4. Asymmetric Key Cryptography RSA
RSA is a typical asymmetric key cryptography. Deriving from either encryption key or decryption key is computationally impossible.The security of RSA is based on the well-known number theory puzzle of large number decomposition and prime detection.Public keys can be fully public and do not need to be kept confidential, but integrity checking mechanisms must be provided to ensure that they are not tampered with; private keys are kept by users themselves.Both parties can communicate confidentially without having to exchange keys.
Use rsa module to encrypt and decrypt messages.

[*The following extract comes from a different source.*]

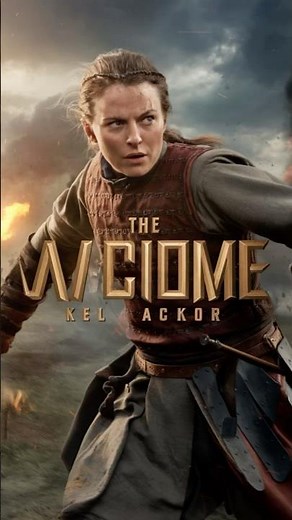 The Siege of La Rochelle: A Battle for Faith and Freedom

#! /usr/bin/env python3 # -*- coding:utf-8 -*- # Author : MaYi # Blog : http://www.cnblogs.com/mayi0312/ # Date : 2020-04-16 # Name : test01 # Software : PyCharm # Note : Asymmetric Key Cryptography RSA import rsa # Entry function if __name__ == '__main__': # Generate a random key key = rsa.newkeys(3000) # private key private_key = key[1] # public key public_key = key[0] message = "Shenzhen, Guangdong Province, China.Now is better than never." print("Clear text:", message) message = message.encode() crypted_message = rsa.encrypt(message, public_key) print("ciphertext:\n", crypted_message) message = rsa.decrypt(crypted_message, private_key) message = message.decode() print("Clear text:", message)
Program run results:
Clear text: Shenzhen, Guangdong Province, China.Now is better than never. //Ciphertext: b'\t\xe71\xe9\xc5<\x0b\t \xec~\xa1\x88\xa2\xc0}\xbb#\xbe\x11\xb0eq~46\x80\xdf\x1c9\xabGQp\xbc\x9b\xdd\xb7f\x96\x1d\x0e\xc4\x07;]\x8d:\xb8\xd7\xb7\x96\x9d\x1ce\xb4\xc8O\xb3c\x08U\xac\xbf\xe8\xb4\x1e#8#\xc7\xbf\xc9\x9eTz\xdd\x00X(>\xc8\\\xe5\xb2~\xbc\xcd5\xab\xea\xf4\xaf\xdc\xd3\x9a\x12\xe9]\x8b\xd9\xb23\xd0C\xeb\xab\'M\x14\xe2@\'\x8e\xf0;\xfe\x18{{\xd9\xe8\xd4rf\xed\xde\x97\x81\x90\xdfh\xcf!W"\x0fk\x93\x9d\xa7\xce\xb5?\x98\xb4\xabG\xb1l=\x17}\xc4z\xad\xa6#\x8fG\xcf\xafC\xa2\xa8*q7\xd7J^\xa9\xa21tw\x1a\xd8\x80gjK\xc7Z\xf0"~M\xb6\x82\x03\xfe!\x8f\x80F\x1eJ\x84\x97\xe7\x01T\xcc\x93=\x17mb\x99\x84B\xb4z\xe33\xe7dIgG\xdd\xd2\xf9\xb9\x10\xc2\x1dM\xfc\xfe\xa2xC\x83\x93\xf5\xfbV\x16\x0f.\xd5\xa3/\xf4A\x12\xba2\x80\xcd\x1d\xe7\xa8\xe7n\xdf\xacXo\x92q\x83\x13l\x06\xb9\xb1\xf2\x80UL\x8b\xc0g`/\xe1\xb1\x80\x19Ca\x1b\xab-\x018:1\x7f\xc0\xd1\xfb\xe5\x9f\xf0\x1b;\xbc\xa9\tq\xea\xd2\xc0H\x91\xe8\x17\xa8\xc6\x9a\x87t\x85<v\xf9\xeb\xe8\xadK\x1d\x94P`QJ]\xb8\xb82\xb3\x9cm\x18\x92 \xaeT\x03\xadO\xf4\xcek\x9f\x90T,Arb,"j\x92\x02\x17i\xfdkU\xe0\xe0\x97\xab\x1d\xf1f\xda\x9e\x90' //Plain text: Shenzhen, Guangdong Province, China.Now is better than never.